I’m still slogging through the mess I spoke about last time. I just checked and I’ve written over 10,000 words since then; none of which yet rise to the threshold of being worth sharing. Some will before too long, I hope.
One of the thoughts that leaked out of my fingertips during that time is the seed of an idea that provoked this post.
As a knowledge worker, one permanent task on your to do list is to build a bespoke knowledge work environment using the off-the-rack tools available.
I am in the midst of unpacking that idea for myself and decided it would be useful to share that process. I won’t expose all of the mess; the daily journal entries where snippets of this post first surfaced, the list of previous posts that I searched out and reread, the bullet point outline I am working from right now. But I will try to reflect the essentials.
I’ve organized this around the following four questions:
1. Why do you/I need a bespoke environment?
2. Why are most of us constrained to leverage off-the-rack tools?
3. Why is this perspective useful?
4. Where should you/I start?
Why do you/I need a bespoke environment?
Off-the-rack is a concept that didn’t exist before the industrial revolution. All products and services were bespoke. If you needed a new shirt, you made it yourself or had someone make it just for you. The industrial revolution and the industrial era were built on a different promise; accept some level of standardized product in exchange for a huge leap in average quality and a proliferation of choices. This has been such a successful strategy, that it’s easy to forget that it is based on a tradeoff.
Knowledge work and the products of knowledge work return us to a bespoke world. Value in knowledge work is correlated with uniqueness. I’ve written about this before (Balancing Uniqueness and Uniformity in Knowledge Work). If your goal is to pursue unique insights and contributions, you will want to tweak and tune your work environment in any and all of the ways that contribute to achieving that uniqueness.
Why are most of us constrained to leverage off-the-rack tools?
Inventing and building new tools is an order of magnitude more difficult than using existing tools. We tend to forget this when we reach for tools in an existing environment; you aren’t likely to think about what it takes to make a carpenter’s hammer as you pick one up to drive a nail.

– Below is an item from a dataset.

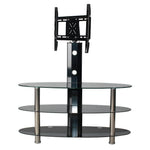 Ava Swivel Mount Oval Black Glass TV Stand For 55-inch TV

Until recently, the fundamental tools of knowledge work were simple and readily available. Paper and pencil, blackboard and chalk, can take you far down the path of creating a knowledge work artifact of value.
Knowledge work, however, is fundamentally symbol manipulation in various guises. Communications and computing technologies are power tools for manipulating symbols. And, they are complex artifacts in their own right. You would no more think of writing your own word processing tool than you would think of forging your own hammer.
That does not, however, absolve you from learning how to choose and use available tools effectively.
Why is this perspective useful?
Adopting the perspective that the goal is a tailored environment and the available building blocks must be selected from what’s available sets up a tension that can be used to drive the design process.
Perhaps most importantly it provokes a recognition that simply picking tools is the least challenging task before you. That should establish an appropriate degree of skepticism about the blandishments of tool vendors and tool enthusiasts.
I took a look at this problem some time ago (Building Your Knowledge Workshop). That advice still applies. Your goal is an effective work environment, primarily for yourself. Individual tools come and go in your knowledge work environment much the same as tools accumulate and evolve in a conventional workshop. You need to grasp the work you are doing and the materials you are working with. And you need to learn what each tool can and cannot do in support of that work.
Where should you/I start?
There’s a decision to be made at the very outset of this process. It’s a choice about attitude or approach. You can elect to treat tools the way a new apartment dweller might. Get a starter set of basic tools assembled by some marketing intern at Home Depot and call the building super when you run into trouble. Or, approach the problem like a homeowner with a strong do-it-yourself bent. Investing in and learning to use professional tools for the most part. Knowing when to reach out to more experienced experts from time to time. Or, finally, you can offload your problems to a collection of experts and their tools. This increases your costs and leaves you beholden to the expertise and ethics of the experts you rely on.
I’m an advocate for the middle approach. That starts with getting a better handle on the work you do, followed by more diligently investing in learning how to use your existing tools. We don’t encourage either step in most organizational settings. Software development seems to be the only arena where practitioners routinely think about and invest in their tooling and practices.